In March of 1970, after nearly six months away, he returned to London with his solo album,
McCartney
. While no tour de force, it was a pretty, worthwhile album, which contained the hit songs “Maybe I’m Amazed” and “Every Night.” Paul had improvised studio effects with home remedies, including recording in the bathroom and the living room for different echos. On some cuts you can hear the front door slamming or the children playing in the next room.
As soon as Paul hit London, he rang up John. “I’m doing what you and Yoko are doing,” he said. “I’m putting out an album and leaving the group.”
John couldn’t believe that Paul even thought there was still a group left to leave. “Good,” he said. “That makes two of us who have accepted it mentally.”
Paul then informed me and Allen Klein that for personal reasons he wanted his album released on April 10 through Apple. Klein explained that April 10 was out of the question. April was the release date of
Let It Be.
Phil Spector had done such a good job on John’s “Instant Karma” single that John and Klein had given him all the dusty
Let It Be
tapes that had been locked in a vault for over a year and had told him to make an album out of it. The album was going to be released in time to back up the finished
Let It Be
documentary, which was to be released in theaters on May 20. Since it was a United Artists film, the date could not be changed. Also, Ringo had recorded a solo album, an innocent but mawkish album called
Sentimental Journey
, of classics sung off-key like “Love Is a Many Splendored Thing.” Ringo’s album would have to be released next, after
Let It Be.
Paul would just have to wait his place in line.
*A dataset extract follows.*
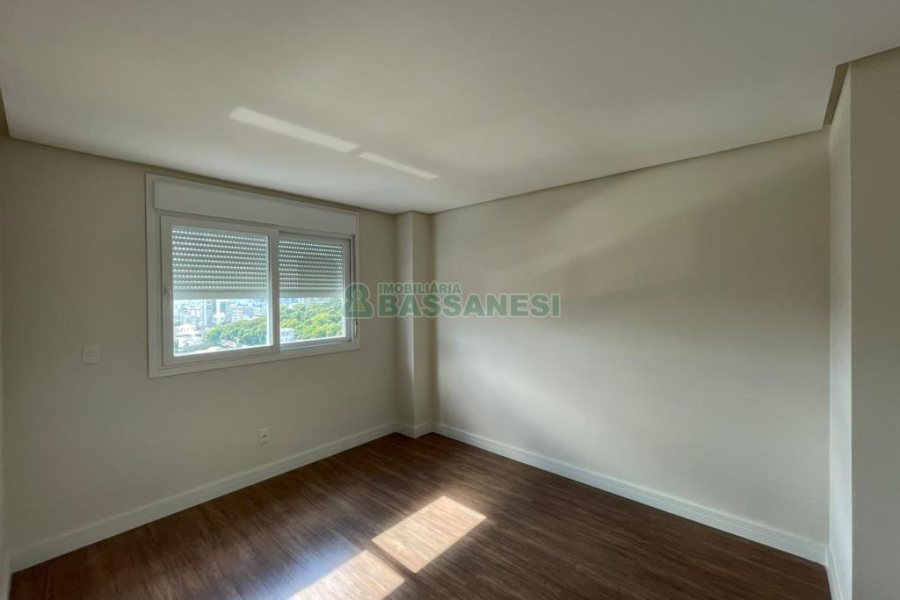 Apartamento com 267m², 2 dormitórios, 3 vagas, no bairro Jardim América em Caxias do Sul para Comprar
Paul called Sir Joseph Lockwood at EMI in a rage. “I’m being sabotaged, Sir Joe, that’s what they’re doing to me!” he ranted. Sir Joe said he would see what he could do to help, but in the end it was up to the other Beatles.
Ringo went to see Paul one night at his home in St. John’s Wood. Ringo was the least volatile of them all and the best mediator to effect some sort of compromise. Ringo was at Paul’s house only a few minutes when Paul flew into a rage and, according to Ringo, “went completely out of control.” He shook his finger in Ringo’s face and screamed, “I’ll finish you all! You’ll pay!” He gave Ringo his coat and threw him out of the house.
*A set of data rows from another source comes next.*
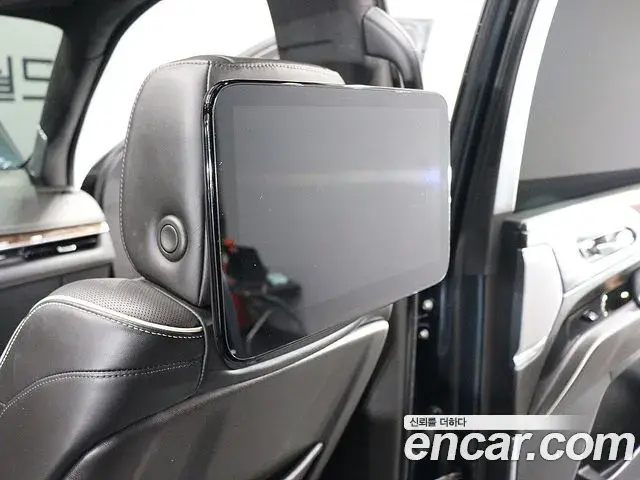 Cadillac Escalade 2021 — ფოტო 19/20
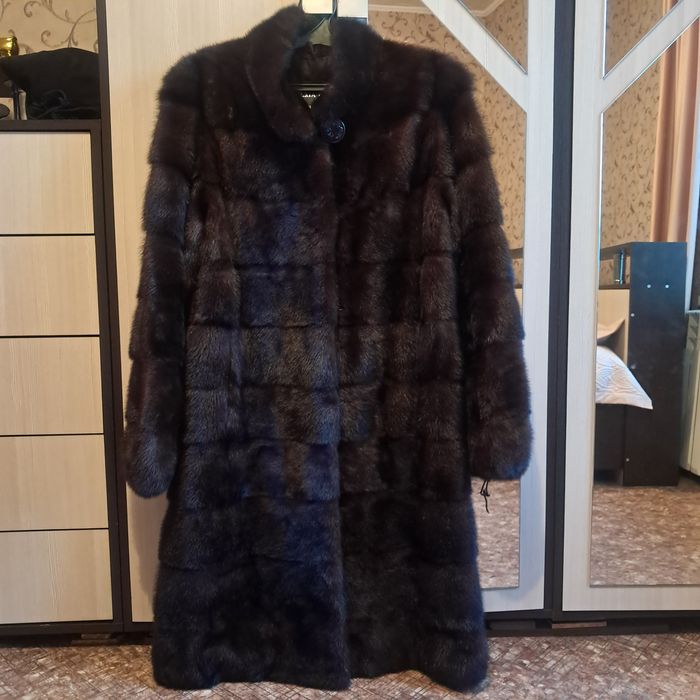 Норковая шуба в хорошем состоянии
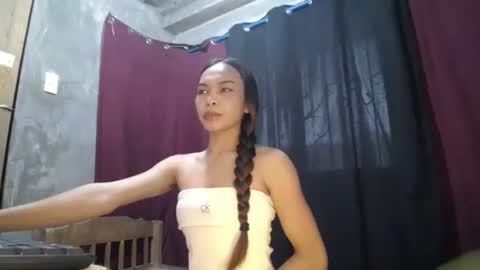 mila_seductressxx online show from 05/23/26, 12:49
Ringo, reasonable fellow that he is, told the others that if it meant so much to Paul to have his solo album released in April, they should let him do it, just to show friendship. Ringo’s own solo album was pushed back and the release of
Let It Be
pushed up. As it turned out, all three albums hit the market within three or four weeks of each other, flooding the record bins with Beatles products. It was a dismal marketing decision.
Paul was angry but not as angry as he was when he eventually heard the
Let It Be
album. Spector had completely bastardized the Beatles sound. Although it had certain merits,
Let It Be
was purely a Phil Spector Wall of Sound Production, with his inimitable backdrop of vast choruses and lavish orchestrations. Paul was mortified by the kitschy female voices—the first female voices ever on a Beatles record—and by what Spector had done to one of his prettiest songs, “The Long and Winding Road,” which Klein had earmarked as the album’s first single. Paul had originally recorded the song with just an acoustic guitar, similar to the way he sang the song in the finished documentary, with just his sweet voice carrying the song along. Spector had turned it into a monumental pile of mush, complete with strings, horns, and an ethereal chorus in the background.
Paul tried everything in his power to get it changed, first through Spector, then through Klein; but it was too late, the record was already being pressed. This desecration of his work was the final straw.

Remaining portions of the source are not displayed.